TV has the strongest relationship, followed by radio and then newspaper.

Question 3

Q

Which of the media contributes to sales?

Answer

A

From first glance, it appears that TV and radio only contribute to sales

Question 4

Q

Is the relationship linear between the advertising streams and sales?

Answer

A

Perhaps the radio and tv are linear, however it is possible that the relationship tapers, so the relationship could be logarithmic for TV and perhaps something similar for radio

Question 5

Q

If there were synergy between two variables, what would this mean?

Answer

A

It would suggest that there is an interaction between two variables that aids in the explanation of the dependent variable’s variability.

Question 6

Q

What are the assumptions that are made in a linear regression model? (3)

Answer

A

That the response variable, Y has a linear relationship to the predictor variable, X

That the errors are independent and normally distributed

That there is constant variability in the residuals

Linearity, Nearly Normal Residuals, Constant Variability

Question 7

Q

Define the i th residual by its equation.

Answer

A

Let e_i be the residual of datapoint i:

e_i = y_i - ŷ_i

_{That is, the residual is the difference between the true and the predicted value of y}

Question 8

Q

Define the residual sum of squares then

Answer

A

The residual sum of the squares is a means of measuring the discrepancy between the predicted and true values of the dependent variable.

RSS = ⁿ_i=1∑e²_i

Where e_i is the residual of the ith data point

Question 9

Q

What is the least squares approach?

Answer

A

The least squares approach is choosing the coefficients of the linear model by minimising the RSS. In such a way we optimise the model so that the model has the least deviation from the data points.

This will yield the most-true model for the data.

Question 10

Q

Which of the variables are significant?

What does this mean?

Answer

A

The Pr(>|t|) value gives the probability of the t-test, if this is <0.05 then we can reject the null hypothesis and assume a relationship.

In this case, the intercept and TV variable appear to be significantly related to sales.

Question 11

Q

What does the Std. Error indicate?

Answer

A

The Std. Error indicates how precisely the model estimates the coefficient’s unknown (error) value.

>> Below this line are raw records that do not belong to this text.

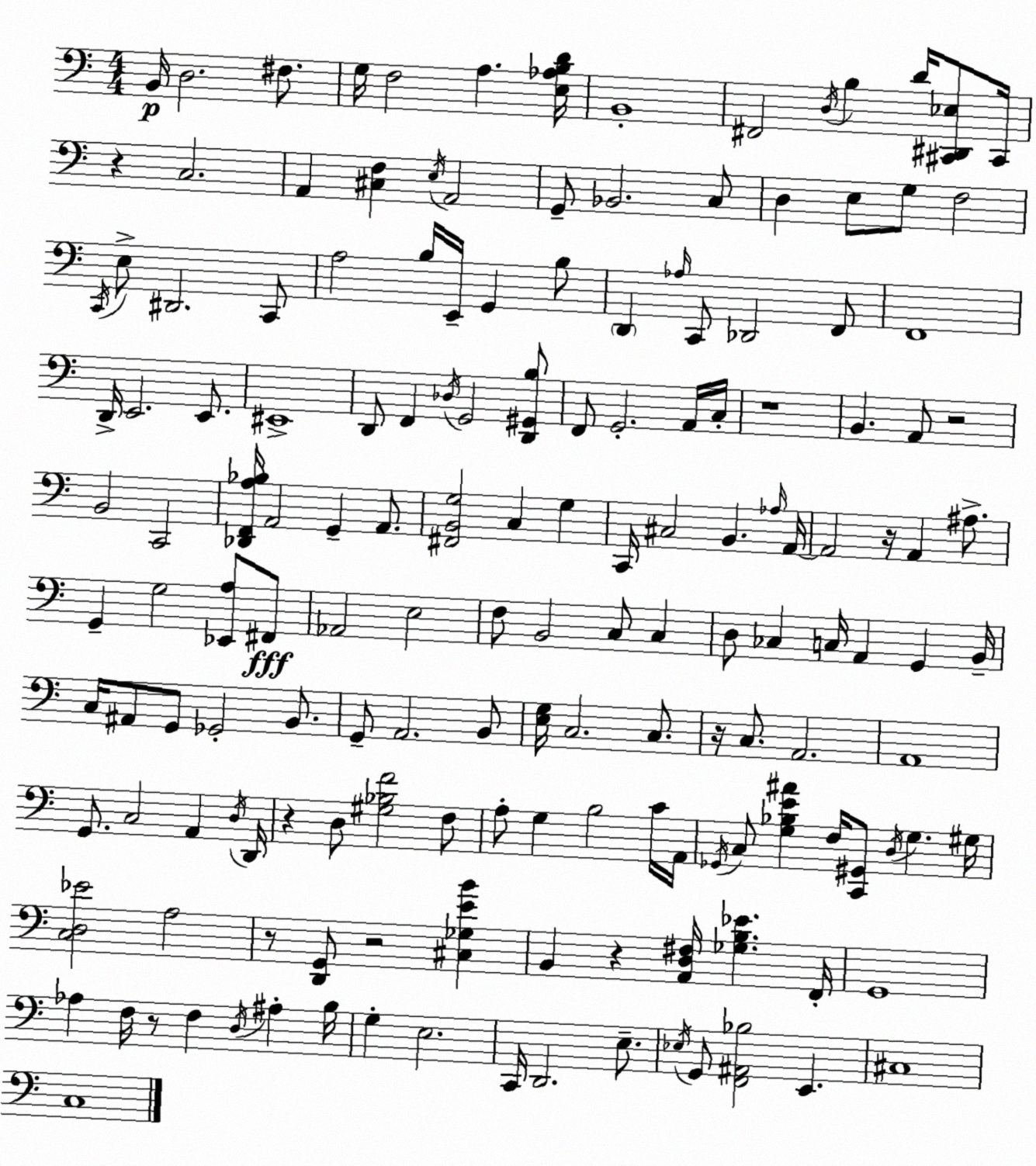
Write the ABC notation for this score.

X:1
T:Untitled
M:4/4
L:1/4
K:Am
B,,/4 D,2 ^F,/2 G,/4 F,2 A, [E,_A,B,D]/4 B,,4 ^F,,2 D,/4 B, D/4 [^C,,^D,,_E,]/2 ^C,,/4 z C,2 A,, [^C,F,] E,/4 A,,2 G,,/2 _B,,2 C,/2 D, E,/2 G,/2 F,2 C,,/4 E,/2 ^D,,2 C,,/2 A,2 B,/4 E,,/4 G,, B,/2 D,, _A,/4 C,,/2 _D,,2 F,,/2 F,,4 D,,/4 E,,2 E,,/2 ^E,,4 D,,/2 F,, _D,/4 G,,2 [D,,^G,,B,]/2 F,,/2 G,,2 A,,/4 C,/4 z4 B,, A,,/2 z2 B,,2 C,,2 [_D,,F,,A,_B,]/4 A,,2 G,, A,,/2 [^F,,B,,G,]2 C, G, C,,/4 ^C,2 B,, _A,/4 A,,/4 A,,2 z/4 A,, ^A,/2 G,, G,2 [_E,,A,]/2 ^F,,/2 _A,,2 E,2 F,/2 B,,2 C,/2 C, D,/2 _C, C,/4 A,, G,, B,,/4 C,/4 ^A,,/2 G,,/2 _G,,2 B,,/2 G,,/2 A,,2 B,,/2 [E,G,]/4 C,2 C,/2 z/4 C,/2 A,,2 A,,4 G,,/2 C,2 A,, D,/4 D,,/4 z D,/2 [^G,_B,F]2 F,/2 A,/2 G, B,2 C/4 A,,/4 _G,,/4 C,/2 [G,_B,E^A] F,/4 [C,,^G,,]/2 D,/4 G, ^G,/4 [C,D,_E]2 A,2 z/2 [D,,G,,]/2 z2 [^C,_G,EB] B,, z [A,,D,^F,]/4 [_G,B,_E] F,,/4 G,,4 _A, F,/4 z/2 F, D,/4 ^A, B,/4 G, E,2 C,,/4 D,,2 E,/2 _E,/4 G,,/2 [F,,^A,,_B,]2 E,, ^C,4 C,4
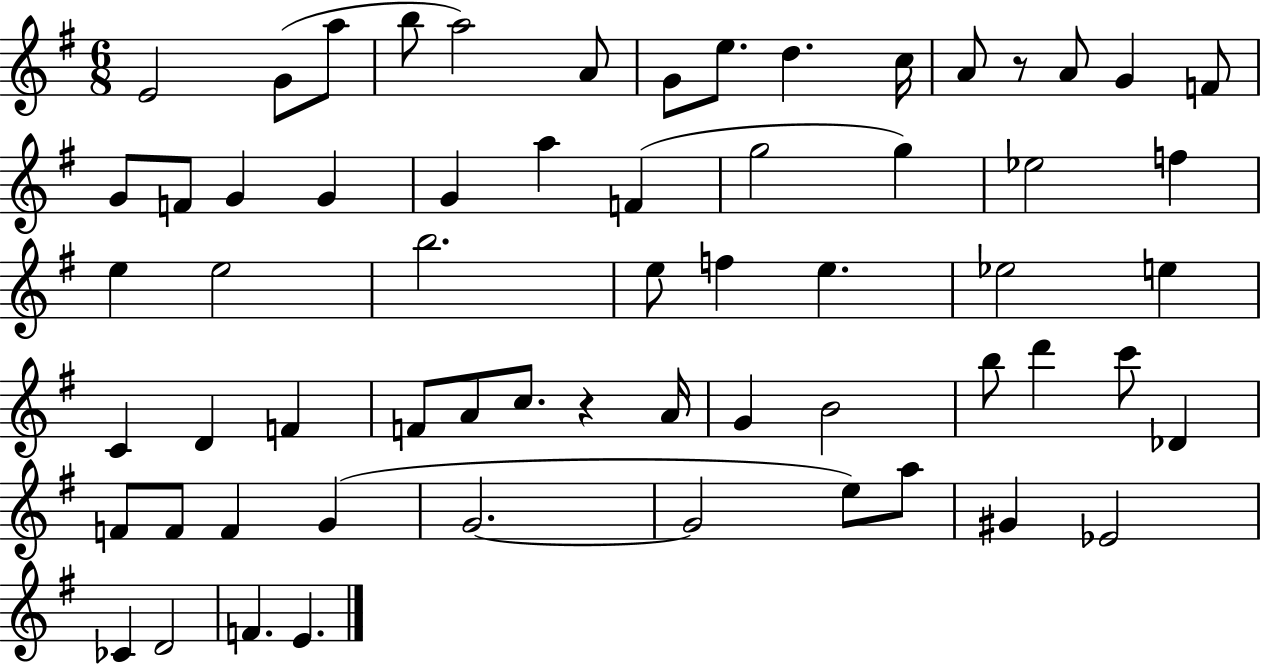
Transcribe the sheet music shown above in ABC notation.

X:1
T:Untitled
M:6/8
L:1/4
K:G
E2 G/2 a/2 b/2 a2 A/2 G/2 e/2 d c/4 A/2 z/2 A/2 G F/2 G/2 F/2 G G G a F g2 g _e2 f e e2 b2 e/2 f e _e2 e C D F F/2 A/2 c/2 z A/4 G B2 b/2 d' c'/2 _D F/2 F/2 F G G2 G2 e/2 a/2 ^G _E2 _C D2 F E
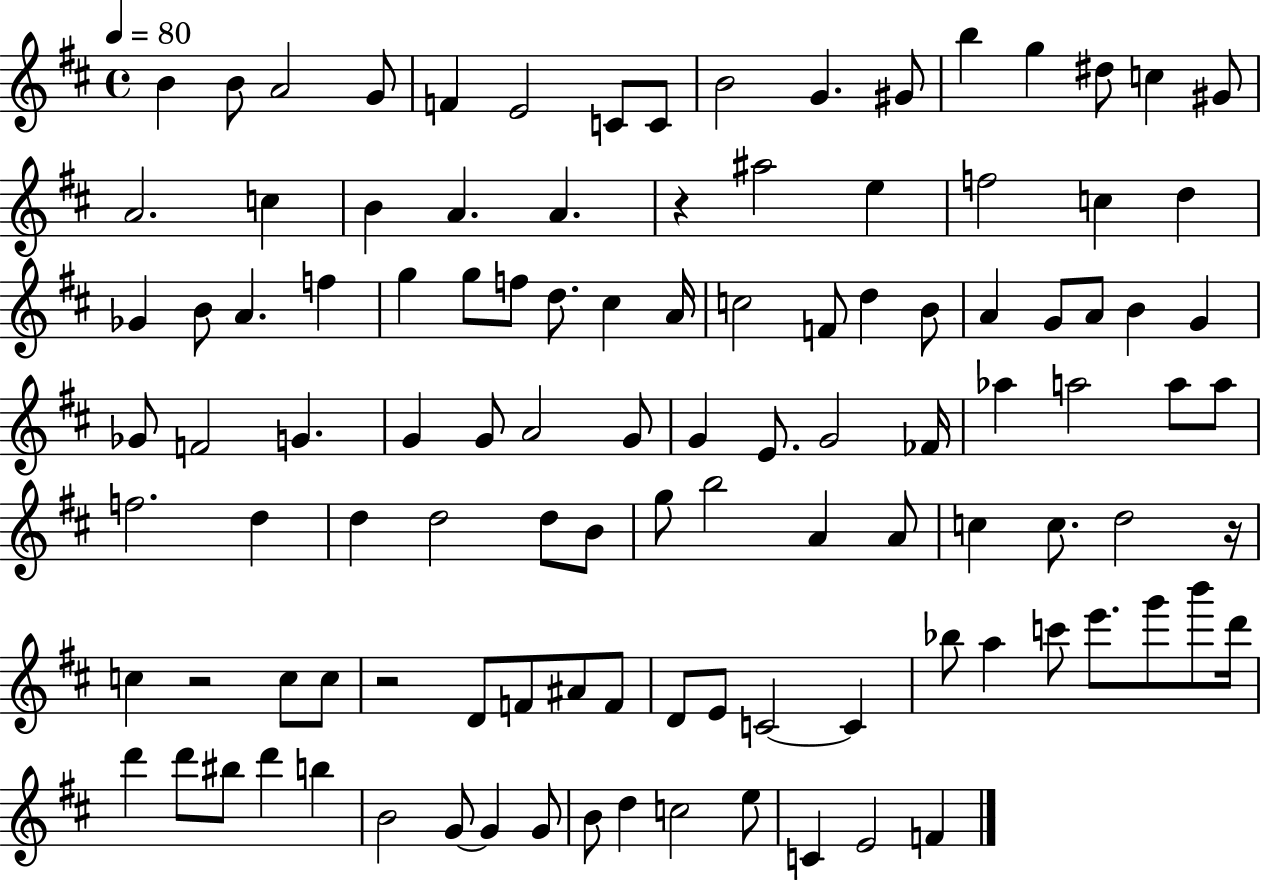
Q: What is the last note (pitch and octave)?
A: F4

SE(B₀) = 0.457843: in the absence of any advertising, the average sales can vary by 457.843 units.

SE(B₁) = 0.002691: for each $1,000 increase in television advertising, the average increase in sales can vary by 2.691 units.

Question 12

Q

What is the 95% confidence interval of the B₁coefficient?

Answer

A

The 95% confidence interval is found by

B₁ ± 2 SE(B₁)

Therefore the interval is:

[B₁-2SE(B₁), B₁+2SE(B₁)]

Question 13

Q

What is the Residual Standard Error (RSE)?

Answer

A

It is a measure of the quality of linear regression fit.

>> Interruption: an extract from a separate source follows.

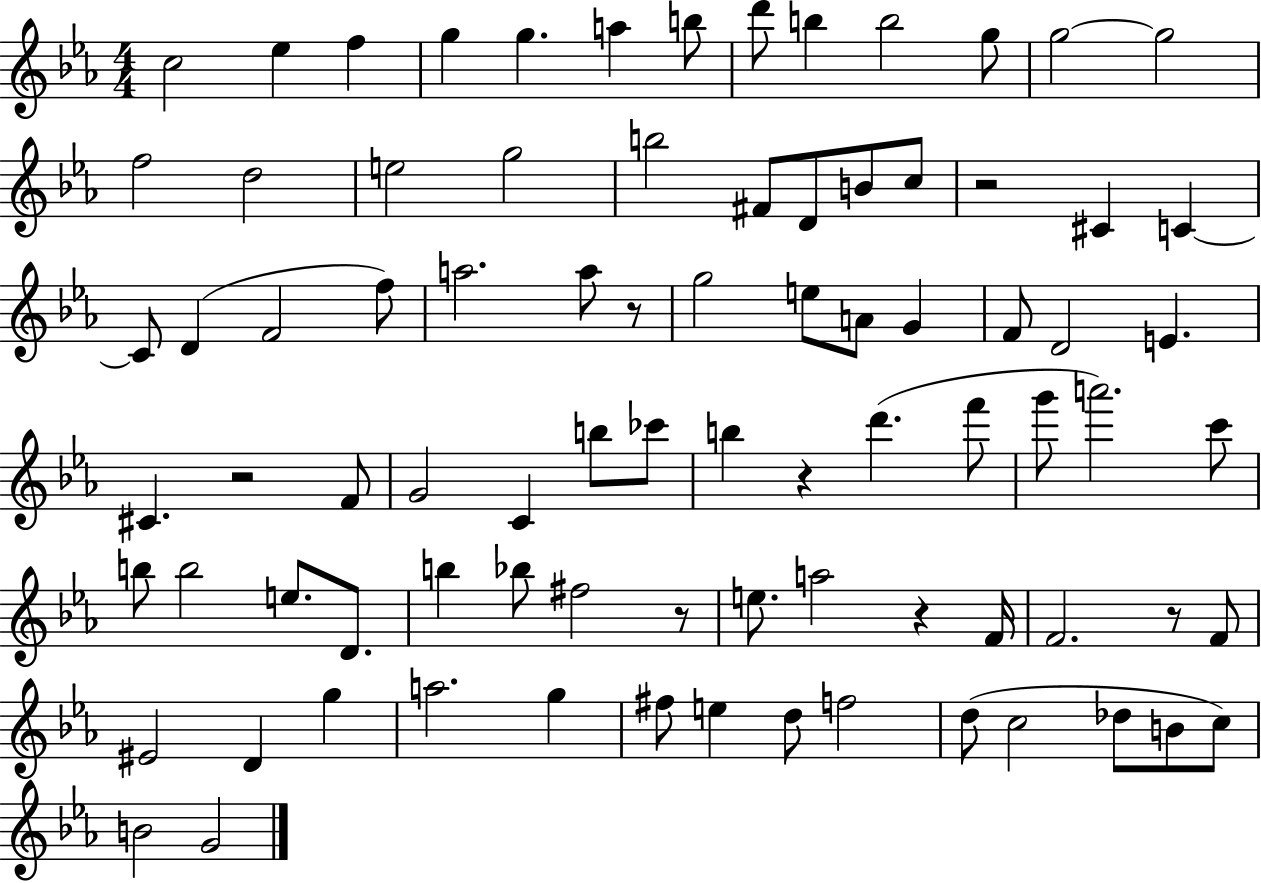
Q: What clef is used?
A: treble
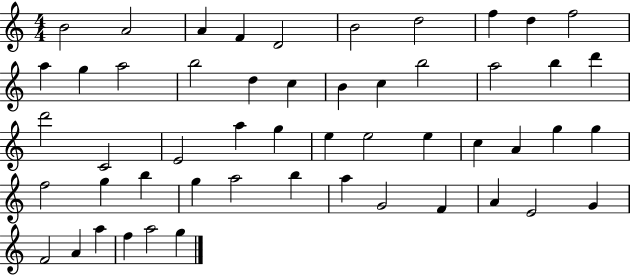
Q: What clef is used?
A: treble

In our previous example, the RSE = 3.259 therefore actual sales in each market deviates from the true regression line by 3259 units on average. This is 23% (3259/14000) of the mean value (14,000) of the sales.

Question 14

Q

What does the R²tell us?

Answer

A

The R squared tells us the proportion of variability in Y that can be explained by the independent variable X.

Question 15

Q

For multiple linear regression, how can we find the best estimates for the regression coefficients?

Answer

A

We can use the RSS, just like in linear regression

Question 16

Q

F-statistics

If there is an F-value that is close to 1, what can we assume?

Answer

A

Then there is no relationship between the Y and its predictors

Question 17

Q

F-statistics

If there is an F-value that is greater than 1, what can we deduce?

Answer

A

That there exists a relationship between the predictor and the response variables

Question 18

Q

If we had a small n, what kind of F-statistic would be required to have strong evidence against the null hypothesis?

Answer

A

We would need a large F-value to show any relationship between the Xi and Y

Question 19

Q

If we had a large n, how might this affect our need of a large/small F-statistic?

Answer

A

We would be alright with a lesser F-statistic as the n will reduce the denominator in the F-statistic equation

Question 20

Q

What is the purpose of the anova?

Answer

A

The anova is a test in variance to analyse the difference in means between groups.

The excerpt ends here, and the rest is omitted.